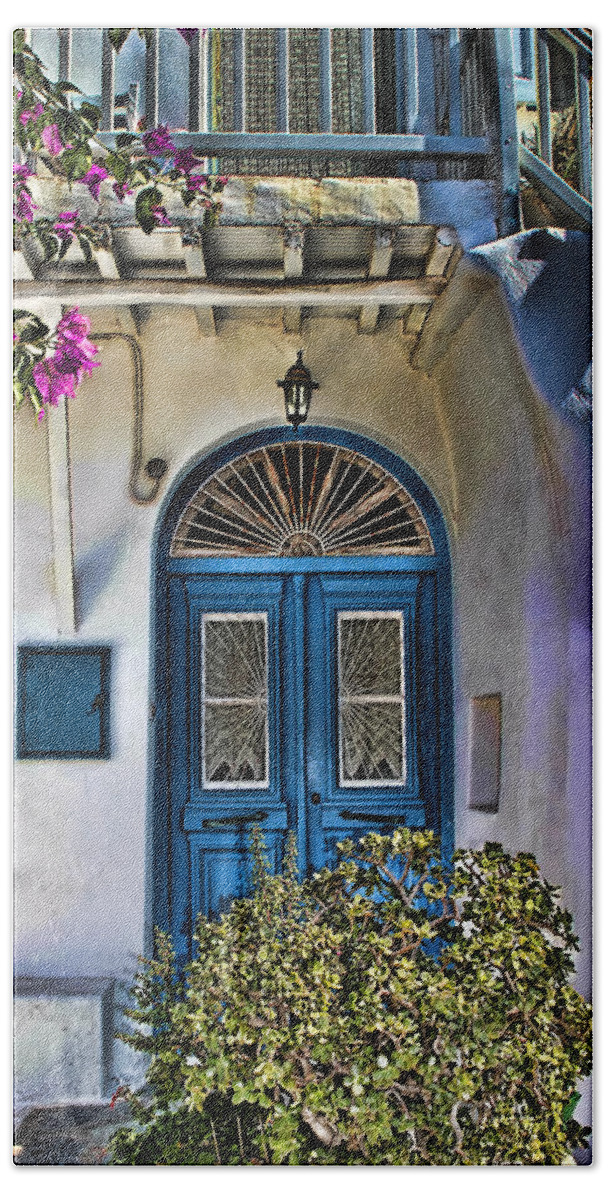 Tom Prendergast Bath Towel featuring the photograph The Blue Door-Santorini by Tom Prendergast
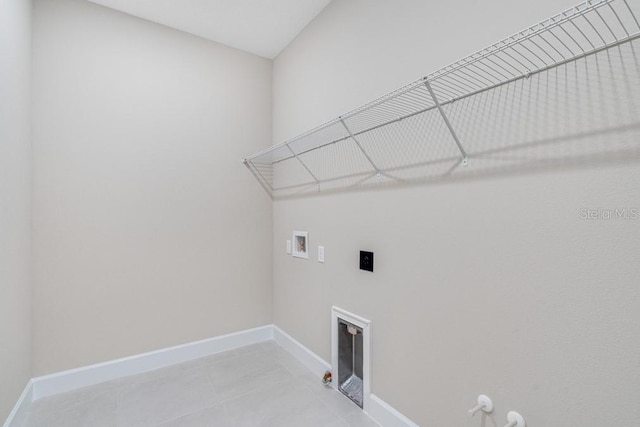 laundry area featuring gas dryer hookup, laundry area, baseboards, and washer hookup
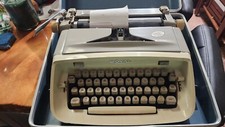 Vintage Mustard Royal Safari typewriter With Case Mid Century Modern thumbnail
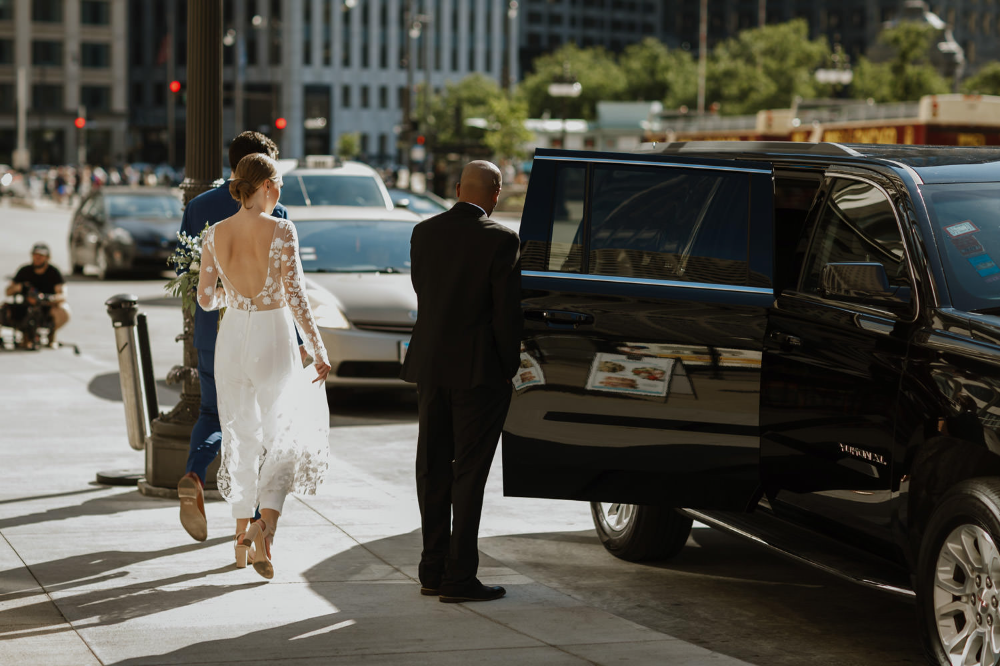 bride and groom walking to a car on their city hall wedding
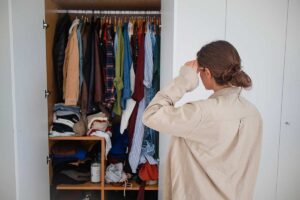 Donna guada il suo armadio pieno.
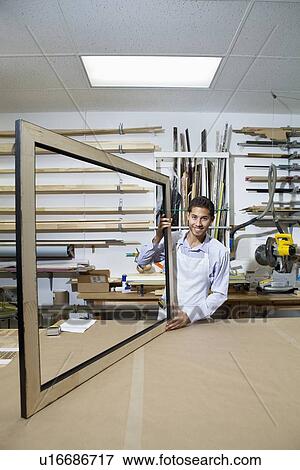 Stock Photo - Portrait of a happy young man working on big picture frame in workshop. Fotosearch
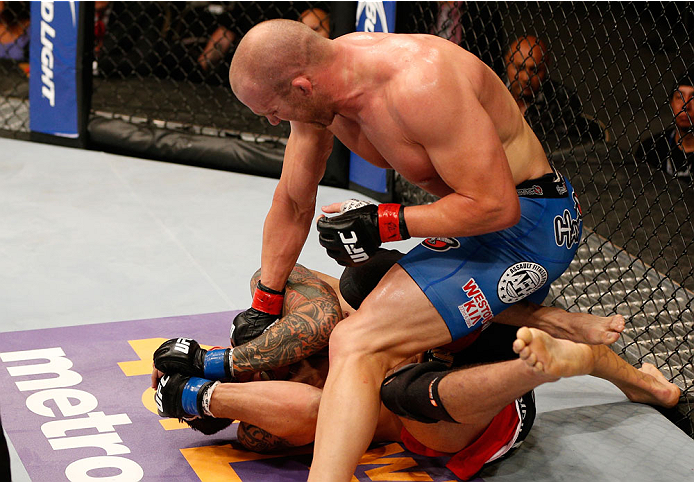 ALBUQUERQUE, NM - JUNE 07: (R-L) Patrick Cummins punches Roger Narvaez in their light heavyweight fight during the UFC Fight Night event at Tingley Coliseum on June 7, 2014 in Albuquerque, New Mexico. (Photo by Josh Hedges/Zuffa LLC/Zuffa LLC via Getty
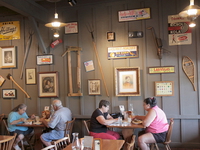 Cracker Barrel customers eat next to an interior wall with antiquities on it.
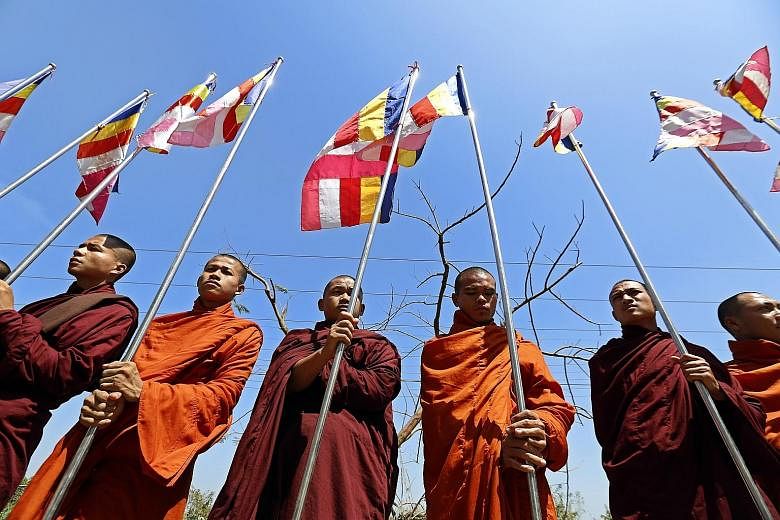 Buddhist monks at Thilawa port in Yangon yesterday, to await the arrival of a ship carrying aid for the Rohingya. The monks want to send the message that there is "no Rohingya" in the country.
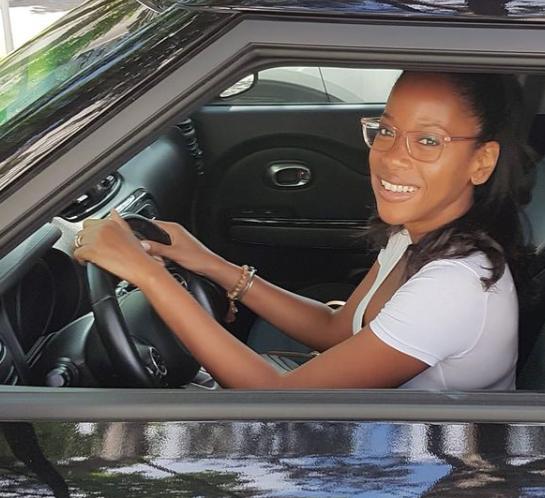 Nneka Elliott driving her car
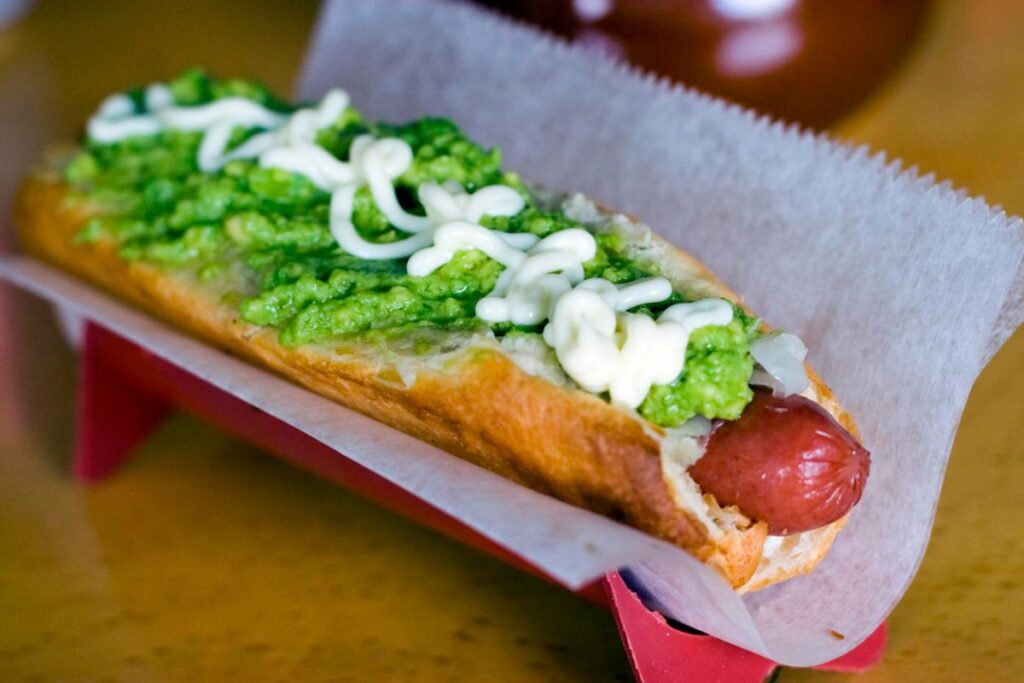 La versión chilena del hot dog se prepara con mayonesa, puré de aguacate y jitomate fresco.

::::

**Your assignment:**
Without the pictures, restate all of the entries word for word.

**Finished task:**
 Tom Prendergast Bath Towel featuring the photograph The Blue Door-Santorini by Tom Prendergast
 laundry area featuring gas dryer hookup, laundry area, baseboards, and washer hookup
 Vintage Mustard Royal Safari typewriter With Case Mid Century Modern thumbnail
 bride and groom walking to a car on their city hall wedding
 Donna guada il suo armadio pieno.
 Stock Photo - Portrait of a happy young man working on big picture frame in workshop. Fotosearch
 ALBUQUERQUE, NM - JUNE 07: (R-L) Patrick Cummins punches Roger Narvaez in their light heavyweight fight during the UFC Fight Night event at Tingley Coliseum on June 7, 2014 in Albuquerque, New Mexico. (Photo by Josh Hedges/Zuffa LLC/Zuffa LLC via Getty
 Cracker Barrel customers eat next to an interior wall with antiquities on it.
 Buddhist monks at Thilawa port in Yangon yesterday, to await the arrival of a ship carrying aid for the Rohingya. The monks want to send the message that there is "no Rohingya" in the country.
 Nneka Elliott driving her car
 La versión chilena del hot dog se prepara con mayonesa, puré de aguacate y jitomate fresco.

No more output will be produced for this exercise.